Alduous Huxley, Thomas Mann, Raymond Bradbury — they’ve lived in Los Angeles. But perhaps no great writer is more closely associated with Lotusland than Raymond Chandler and his alter ego Philip Marlowe:

    “I used to like this town,” I said, just to be saying something and not to be thinking too hard. “A long time ago. There were trees along Wilshire Boulevard. Beverly Hills was a country town. Westwood was bare hills and lots offering at eleven hundred dollars and no takers. Hollywood was a bunch of frame houses on the interurban line. Los Angeles was just a big dry sunny place with ugly homes and no style, but goodhearted and peaceful. It had the climate they just yap about now. People used to sleep ou on porches. Little groups who thought they were intellectual used to call it the Athens of America. It wasn’t that, but it wasn’t a neon-lighted slum either.”

    We crossed La Cienega and went into the curve of the Strip. The Dancers was a blaze of light. The terrace was packed. The parking lot was like ants on a piece of overripe fruit.

    “Now we get characters like this Steelgrave owning restaurants. We get guys like that fat boy that bawled me out back there. We’ve got the big money, the sharp shooters, the percentage workers, the fast-dollar boys, the hoodlums out of New York and Chicago and Detroit — and Cleveland. We’ve got the flash restaurants and night clubs they run, and the hotels and apartment houses they own, and the grifters and con men and female bandits that live in them. The luxury trades, the pansy decorators, the Lesbian dress designers, the riffraff of a big hard-boiled city with no more personality than a paper cup. …

    —Raymond Chandler, The Little Sister

Above: contributors to the Squires bulletin board would cringe. Open a 96 Giacosa Barolo Falletto Riserva at a puerile 12 years of age? Pshah, I say. This wine was fantastic, powerful, meaty, with earthy Langa flavors. It paired exquisitely with our seared wild boar loin (rare in the middle, see below).

Not so long ago, I was chastised by my lawyer, a Brit and wine lover, a friend who demands the truth and only the truth and pulls no punches (and a great litigator, I might add): “Stop complaining, you twit,” he said, “you’re poor and you still get to drink amazing wines!”

Case in point: the other night, I was treated to a bottle of 1996 Giacosa Barolo Falletto Riserva — one of Italy’s most coveted wines, in one of its greatest vintages — by Italian wine collector extraordinaire and fellow Nebbiolophile David Schachter (pictured above, with Chef Gino Angelini of Osteria Angelini on Beverly Boulevard in West Hollywood). David knows me through mutual friends and through Do Bianchi and we met a few months ago at Lou on Vine on the occasion Alice Feiring’s book reading.

David is a huge fan of the octopus and baby arugula antipasto at Angelini. It paired beautifully with a 2006 Venica & Venica Malvasia.
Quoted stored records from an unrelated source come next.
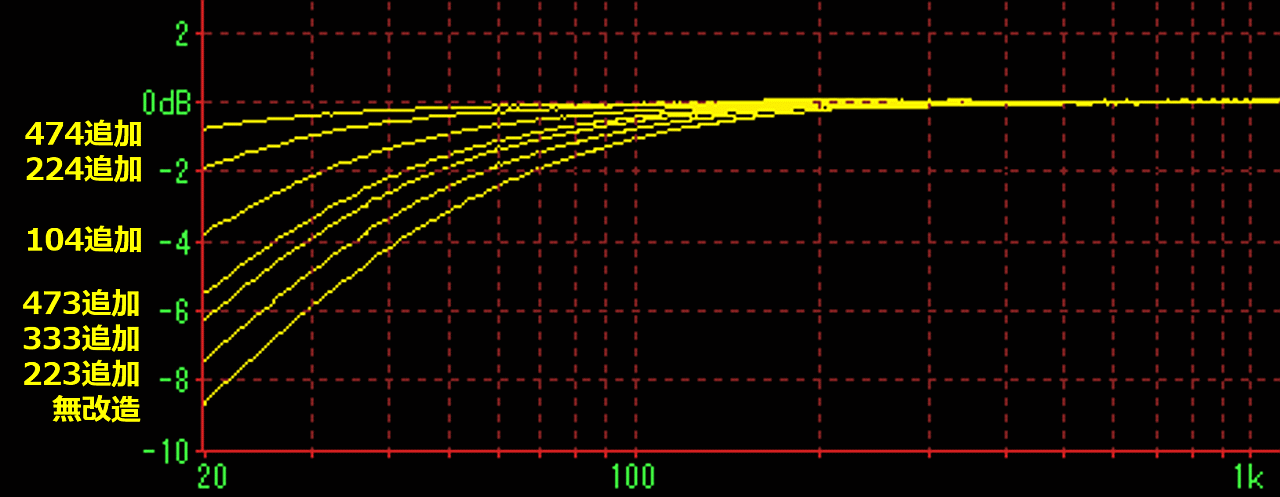 周波数特性測定　カップリングコンデンサ増量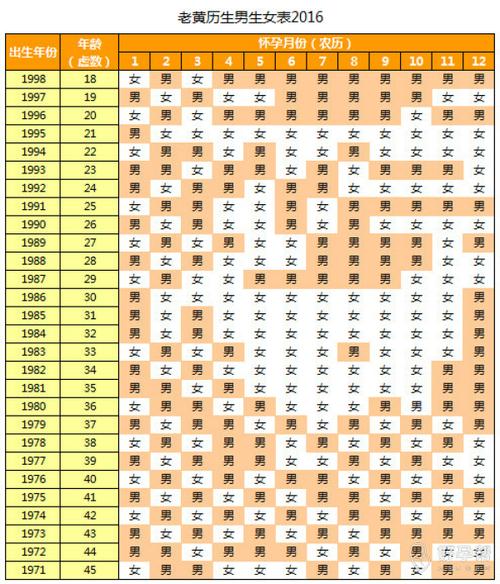 49 怀孕月份(农历)-怀孕虚岁再加十九单数男双数女 除了这个大家有没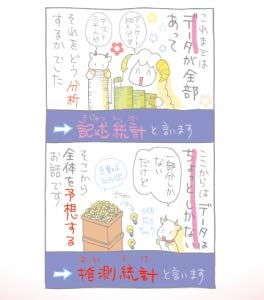 Si新書 マンガでわかる統計学 Sbクリエイティブ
While Gino’s menu is primarily traditional Italian, he selected gnocchi with lobster — a very untraditional combination — as one of our primi: these were the best gnocchi I’ve had in a long time, delicate and light but consistent in mouthfeel. The tomato lobster sauce (more typically served over long noodles) was ethereal… We also enjoyed very traditional spaghetti alla chitarra topped with shaved black truffles and a gorgeous and decadent nido (pasta “nest”) with béchamel. David paired with a 2004 Giacosa Barbera Superiore (also splendid).
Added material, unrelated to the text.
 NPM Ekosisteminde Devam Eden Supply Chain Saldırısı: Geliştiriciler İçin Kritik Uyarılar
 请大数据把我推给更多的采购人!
The seared wild boar loin and 1996 Barolo made for one of those sublime pairings: a seemingly divine confluence of aromas, flavors, and textures.
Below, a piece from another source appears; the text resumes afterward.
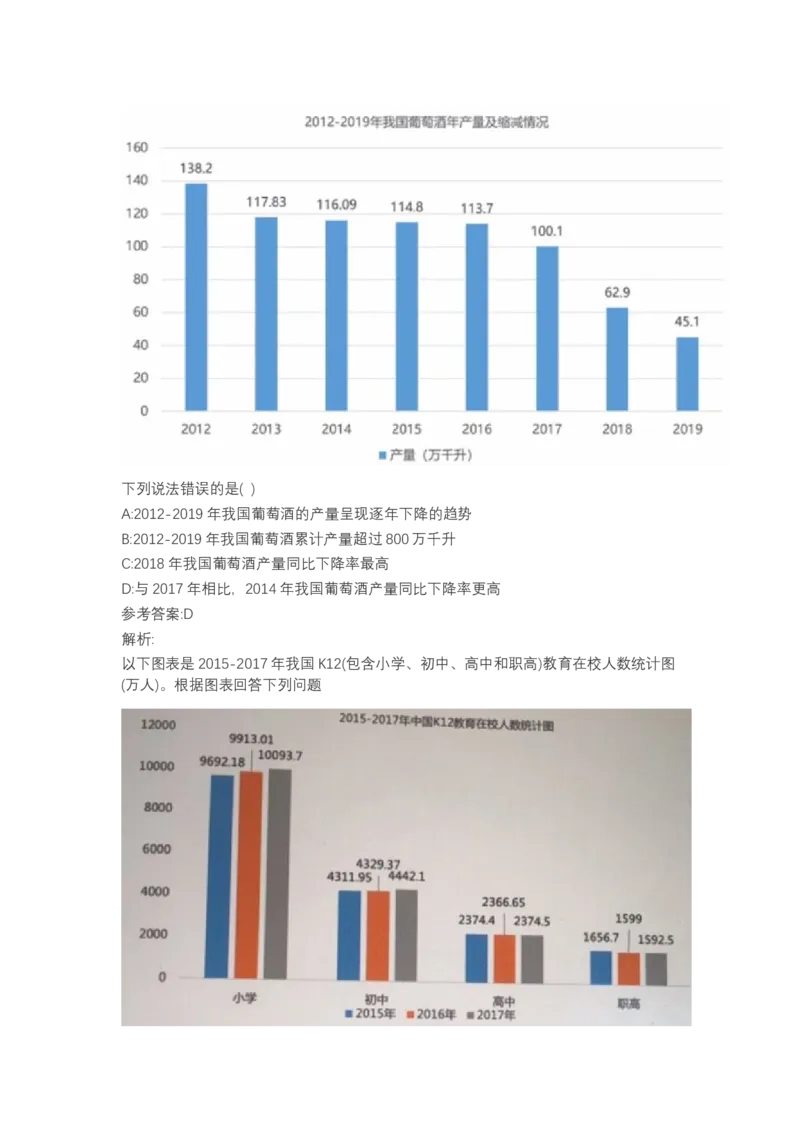北森图表分析（可搜带解析）_2025春招题库汇总_北森_北sen_最新24届秋招题库-可搜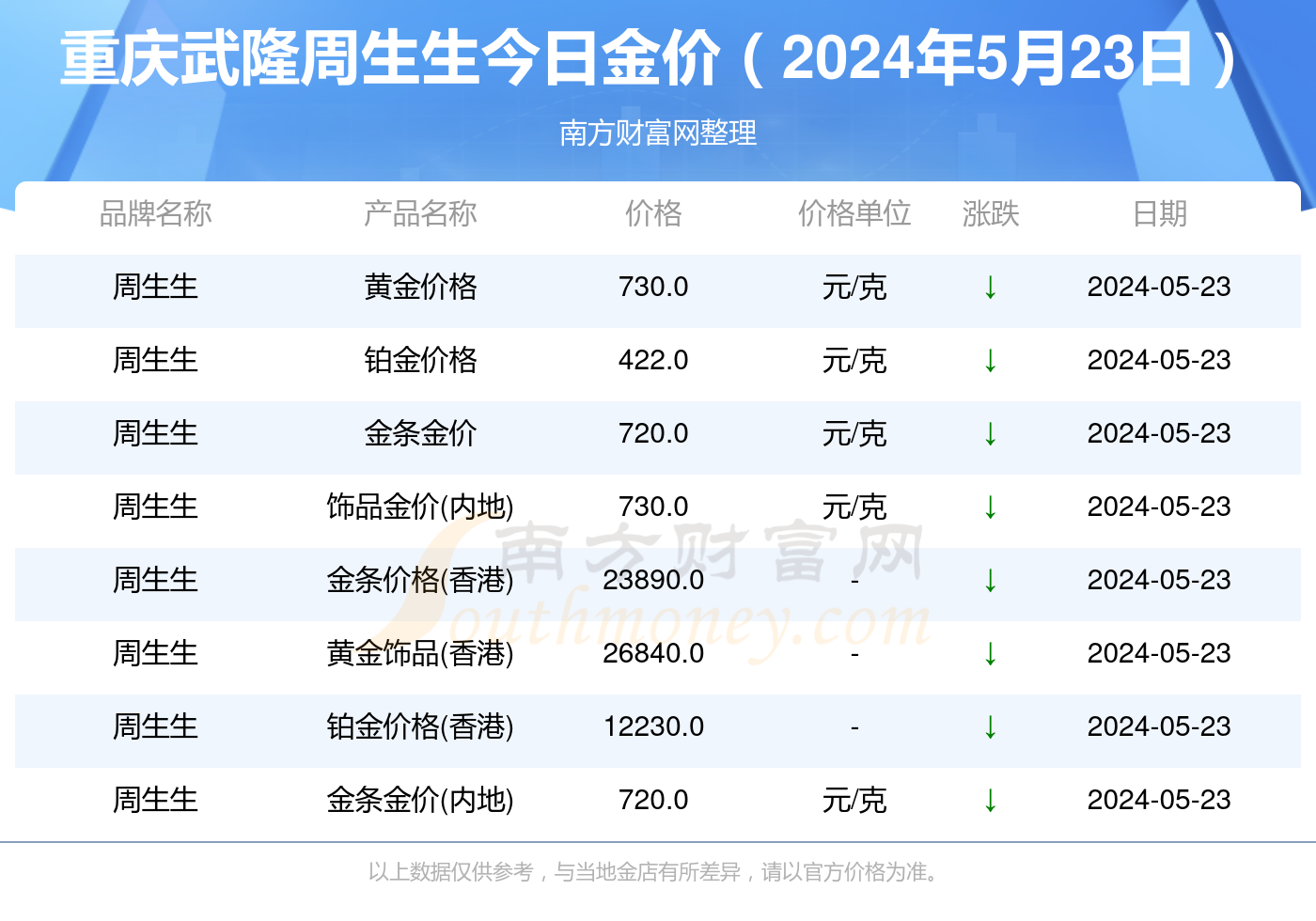 2025年香港今晚開獎結(jié)果查詢——全面解析與實時更新，香港今晚開獎結(jié)果查詢，全面解析與實時更新（2025年）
All the waitstaff at Angelini is Italian. Although the restaurant’s decor is humble Angelino trattoria chic and the prices are more than reasonable, Captain Gino Rindone performs four-star service nightly at Angelini: to see him debone a branzino tableside, you’d think you were at Da Vittorio in Bergamo.

Reader Christopher writes that “everyone calls Gino Rindone ‘Ginetto’ to distinguish him from Gino” Angelini.

All in all, I must say, my Angelino experience is off to an auspicious start… Not bad for a big hard-boiled city with no more personality than a paper cup. Stay tuned…

*****

“People are afraid to merge on freeways in Los Angeles.”
Less than Zero
—Bret Easton Ellis

5 thoughts on “De urbe angelorum primum scriptum: Osteria Angelini

  1. “…–and Cleveland” !

    That’s one pimpin’ Rolls, and you had me there. But to go and post that ’96 Falletto, now that’s criminal, a provocation even. Now I can’t even think straight (not that I do anyway).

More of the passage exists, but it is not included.